== Task prompt ==
Transcribe only the lines in the data below falling between the line with "We are in the" and the line with "For more techniques", including those two lines, and leave out any picture.

== Records supplied ==
==============================
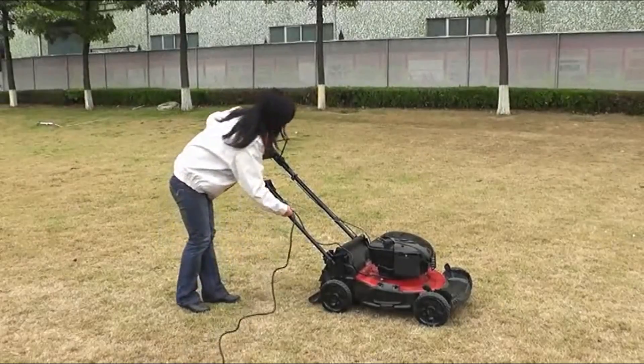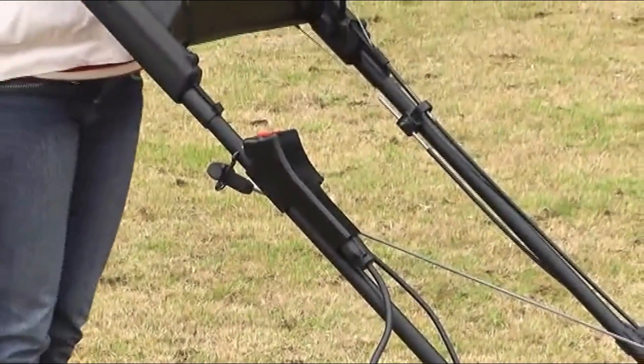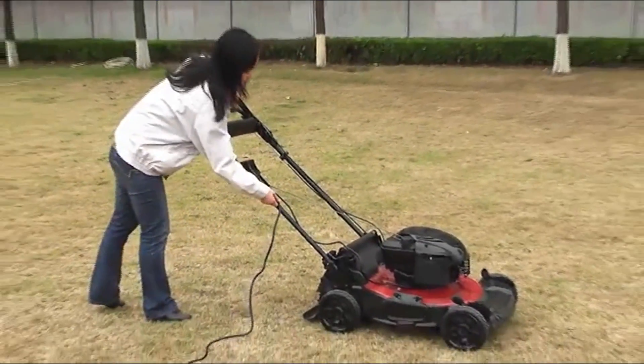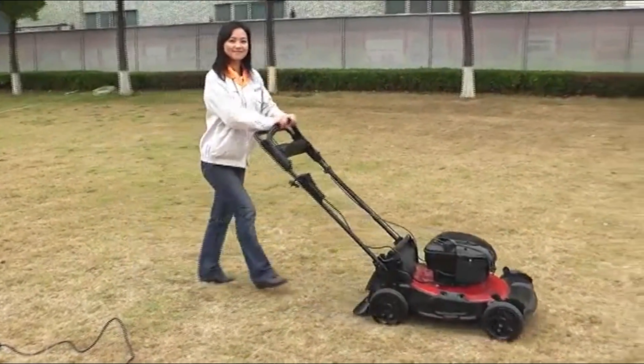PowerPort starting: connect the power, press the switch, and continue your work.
==============================
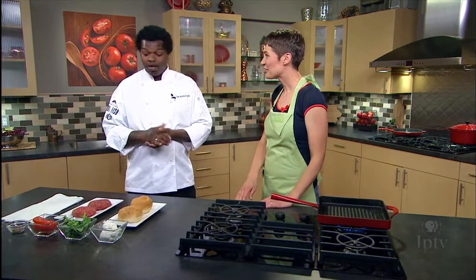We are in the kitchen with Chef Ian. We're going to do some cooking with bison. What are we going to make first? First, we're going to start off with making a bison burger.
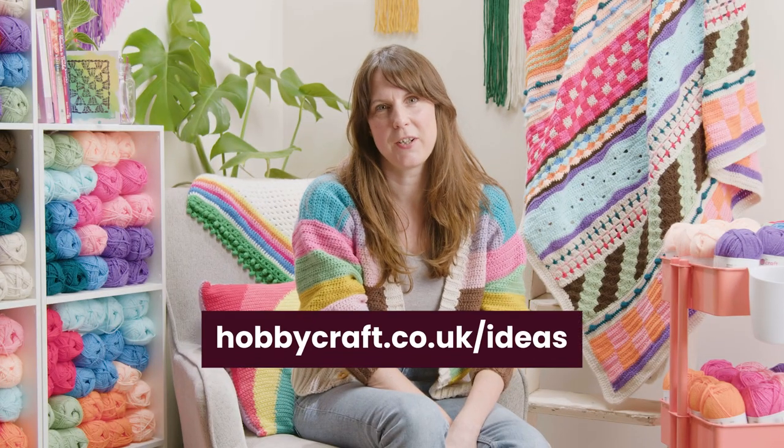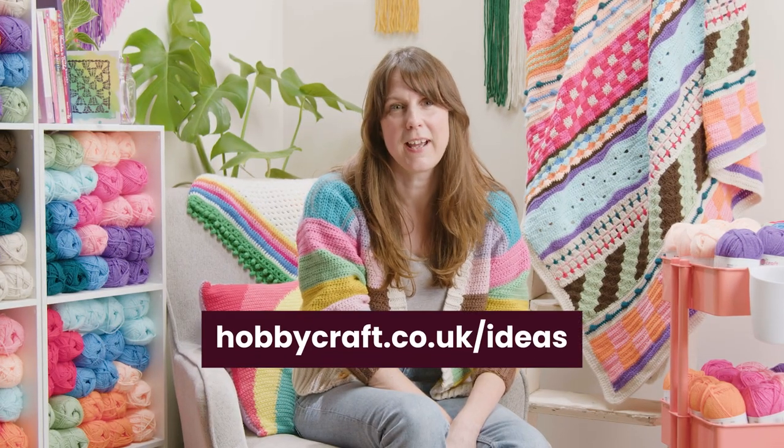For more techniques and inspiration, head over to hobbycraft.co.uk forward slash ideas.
==============================
== Exercise response ==
We are in the kitchen with Chef Ian. We're going to do some cooking with bison. What are we going to make first? First, we're going to start off with making a bison burger.
For more techniques and inspiration, head over to hobbycraft.co.uk forward slash ideas.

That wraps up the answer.